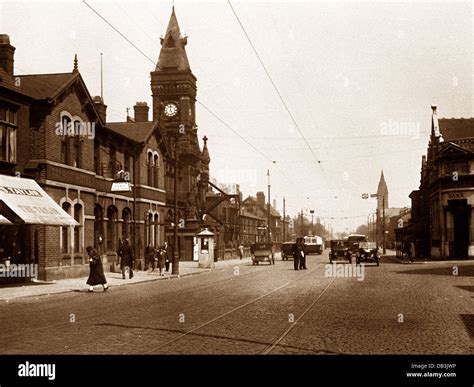 Stretford Chester Road probably 1920s Stock Photo - Alamy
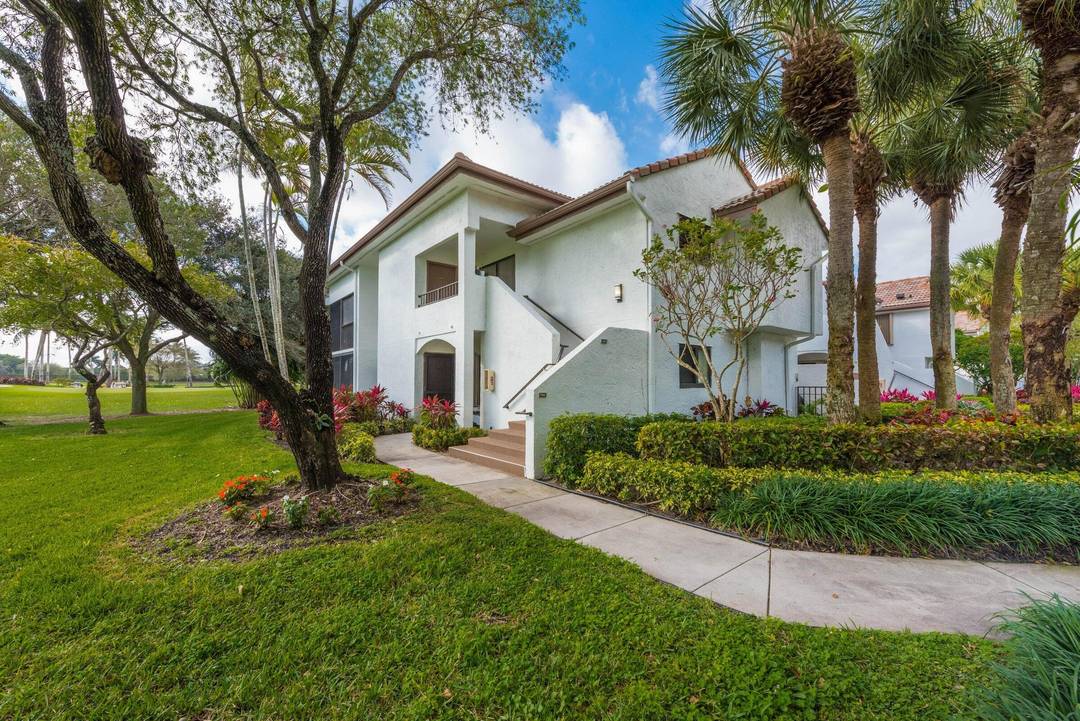 Beautifully maintained 3 bedroom 2 bath den garden apartment condo in the ever popular Gleneagles Country Club in Delray Beach.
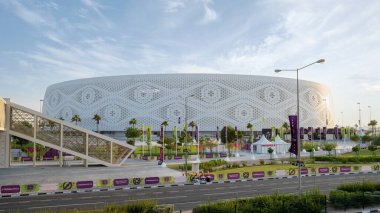 Thumama, Qatar- Eylül 09.2022: Al Thumama Stadyumu 'nun dinamik ve yaratıcı şekli, stadyum tasarımı için yeni bir çağ açtığı kadar yerel kültür ve gelenekleri de kutluyor..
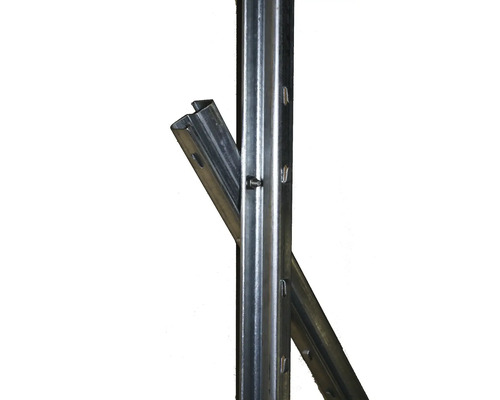 Metallzaunpfosten mit Befestigungslöchern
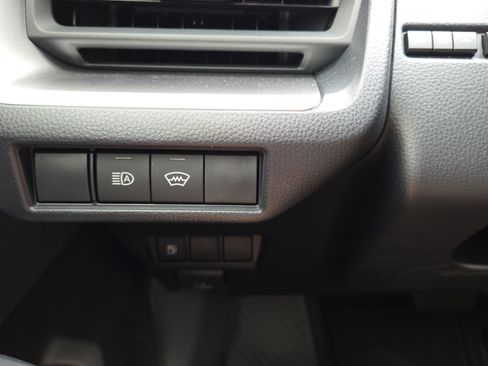 Certified 2025 Toyota Prius LE FWD image 19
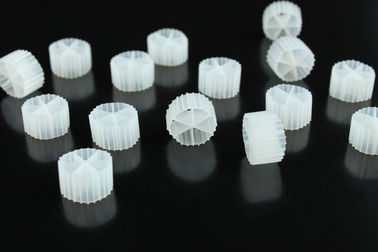 شراء الوسائط البيولوجية المنشطة MBBR K1 مع اللون الأبيض ومادة HDPE العذراء online manufacture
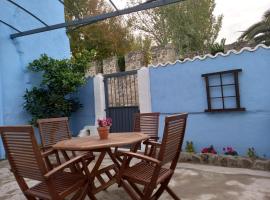 Casa Rural Las Raíces, Sierra de San Vicente, holiday rental in San Román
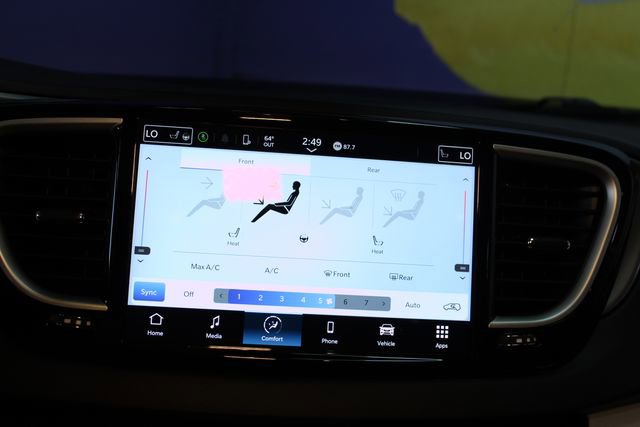 Used 2024 Chrysler Pacifica Touring-L FWD image 26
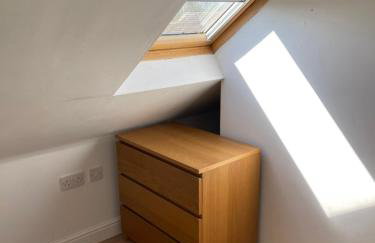 Large, 3 Floors, Quiet, Sleeps 16, 4 Bathrooms, 5 Parking, Semi rural Leicester - Foto 49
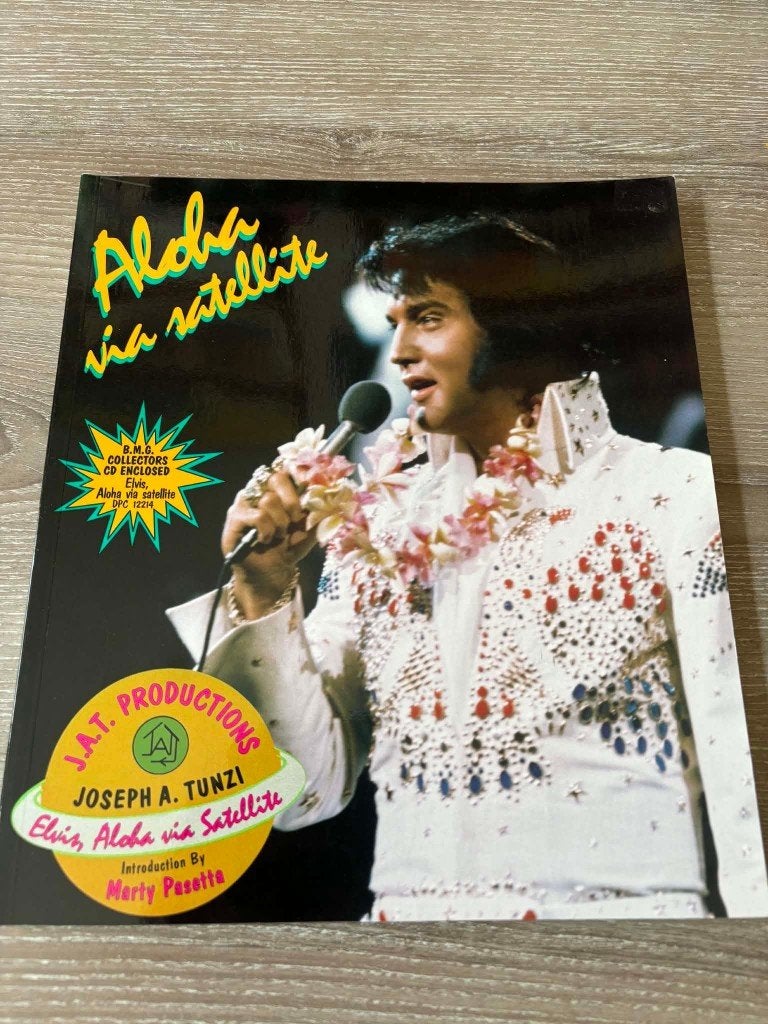 Elvis boek, Aloha via Satellite door Joseph A.Tunzi. 20 euro, Livres, Musique, Enlèvement ou Envoi, Comme neuf, Artiste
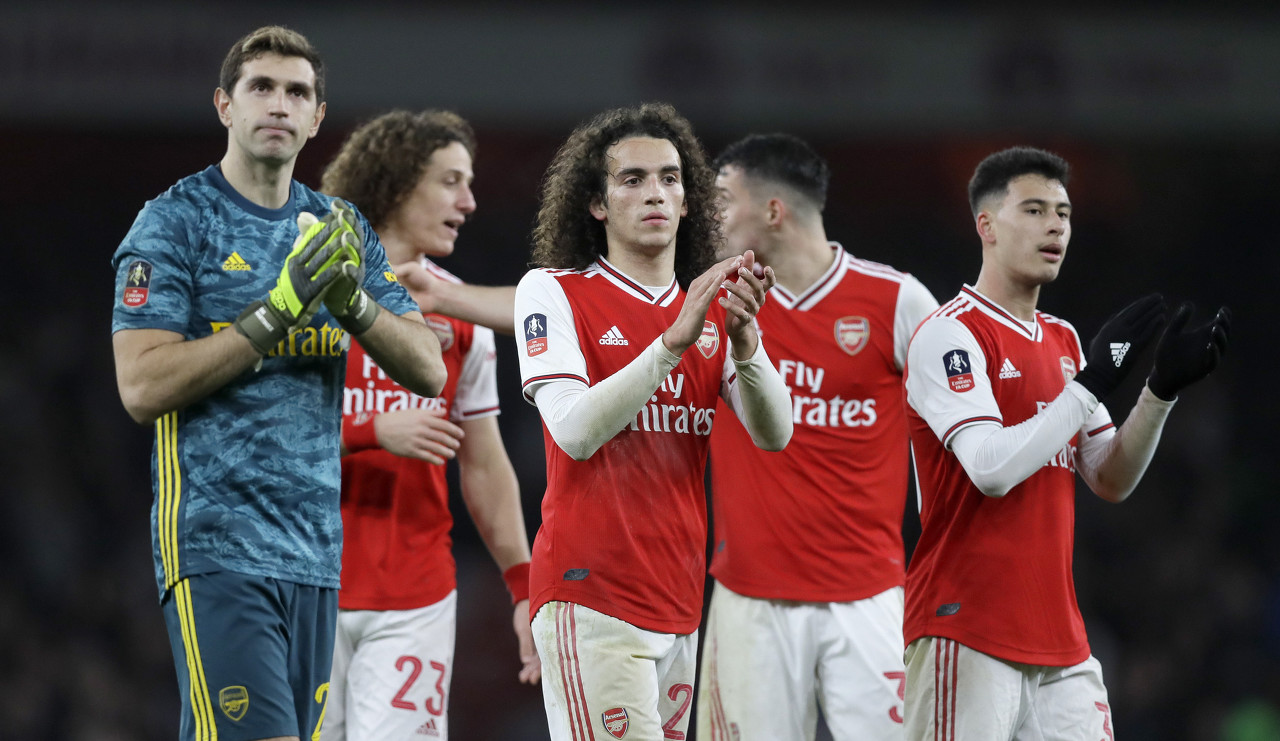 英超球队伤病更新：曼城多名球员缺阵,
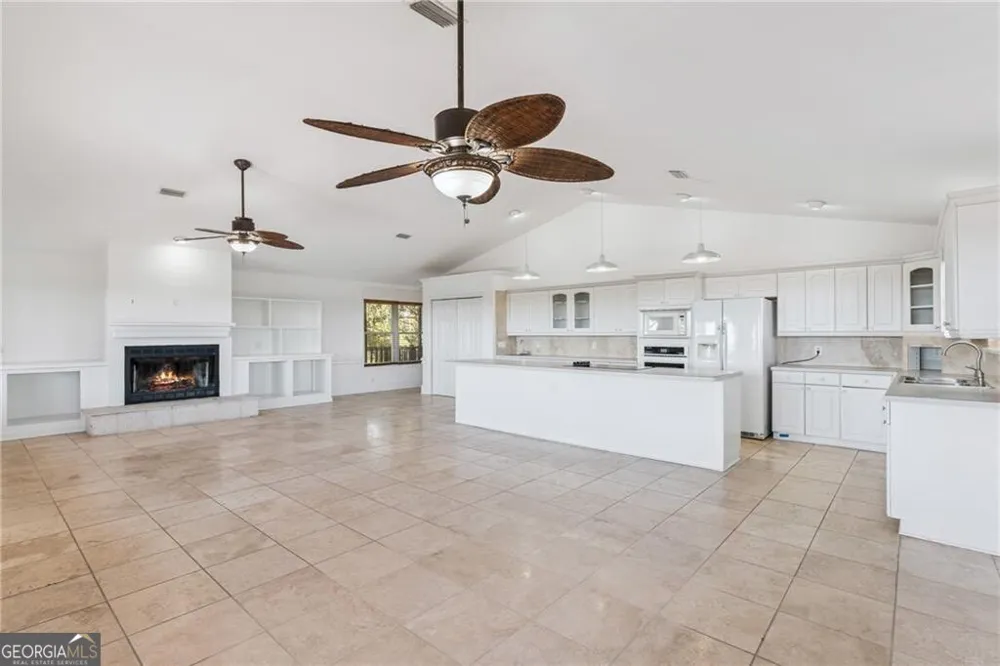 281 Marsh Breeze LN Waverly, GA 31565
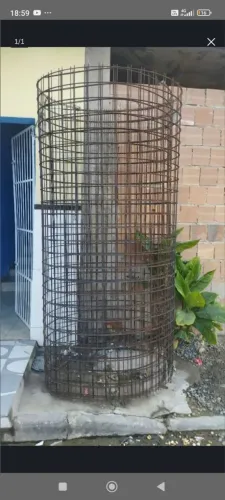 Vendo tela para radier , piso e etc... tamanho 2 de largura por 6 de comprimento 250$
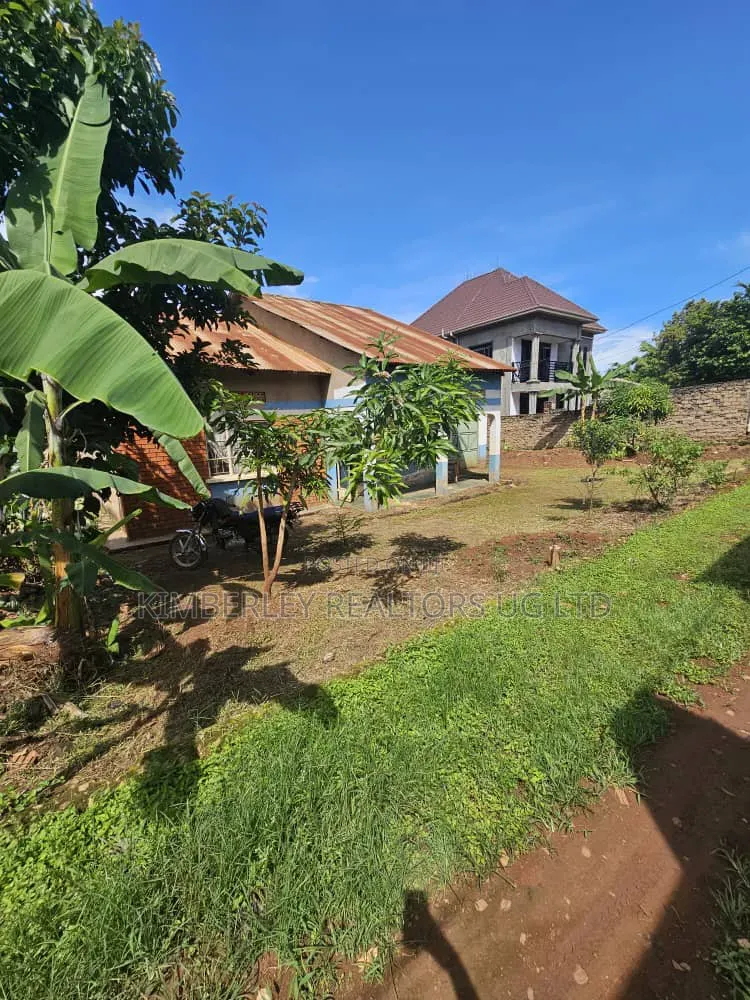 4bdrm House in Gombe for sale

(Exercise)
Retype the records above exactly, starting at the line that contains "Used 2024 Chrysler" and going through the last line, and leave out any pictures.

(Result of the task)
 Used 2024 Chrysler Pacifica Touring-L FWD image 26
 Large, 3 Floors, Quiet, Sleeps 16, 4 Bathrooms, 5 Parking, Semi rural Leicester - Foto 49
 Elvis boek, Aloha via Satellite door Joseph A.Tunzi. 20 euro, Livres, Musique, Enlèvement ou Envoi, Comme neuf, Artiste
 英超球队伤病更新：曼城多名球员缺阵,
 281 Marsh Breeze LN Waverly, GA 31565
 Vendo tela para radier , piso e etc... tamanho 2 de largura por 6 de comprimento 250$
 4bdrm House in Gombe for sale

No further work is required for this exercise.